Not only are single people expected to live in tight quarters with complete strangers, but they’re also expected to have the good grace to shut up and say thank you while they’re at it, apparently.

Girls, Gays, and Theys Just Wanna Have Fun… In Their Own Home

And then there’s the fact that social ideals have changed. For various reasons, we are moving away from a society where families start young, and in many instances, people are simply choosing not to have children at all. As is their right. So, where are they supposed to live?

Something I find so confusing about this situation is that while, yes, single people aren’t contributing to the next generation of workers (although some single people do have children they don’t live with), they are still contributing to society financially by working and then spending money. In fact, given Marriage Allowance, some single people will actually pay more tax than a married couple would.

So, why are we punishing single people by making it impossible to live alone and then twisting the knife by complaining about how they don’t live up to ambiguous family standards – despite not being a family.

Justice for the Nation’s Single People

So, why are single people seen as inferior to families? And why must everywhere be ‘livable’ for families? I’m not saying we should segregate families and single people, but I do think we need a shift of attitude that moves away from the idea that only families deserve to live by themselves.

Why the outrage that a single street is unsuitable for families? So? If I could afford to live alone, I wouldn’t choose to live near a school because that’s not the type of atmosphere I’d want to live around. I’m not throwing my toys out of the pram, saying every home should be suitable for single people. And yet, the opposite is being said. I’d encourage those upset by this to redirect their anger to those who’ve caused it: the government.

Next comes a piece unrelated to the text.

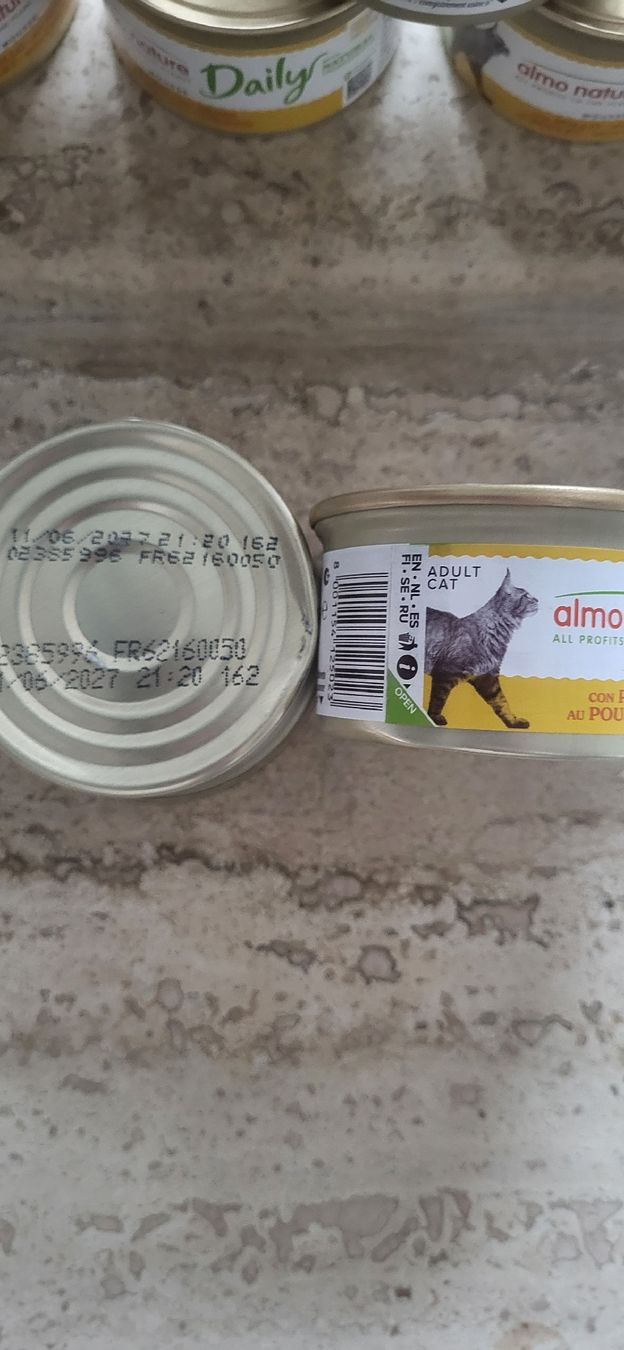Nourriture: katzenfutter hochwärtig – Neuf avec emballage d'origine à Basel par topthings 1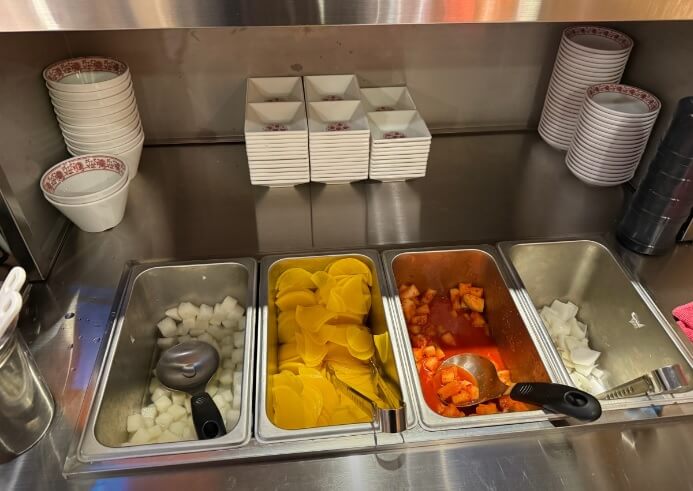 생방송 투데이 맛의 승부사 화곡역 중식 맛집 호랭이반점 중화 떡볶이&amp;중화 치킨 편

We are a society made up of many different types of people and familial structures, yet we are only concentrating on one. The diversity of our society is what makes it thrive, and yet we are ignoring a whole demographic. Can you blame us for being angry?

How about we stop trying to force people to live a certain way and embrace diversity. Celebrate diversity, even. Not everyone needs or wants children and a family, but everyone needs a home. Let’s work towards making that happen.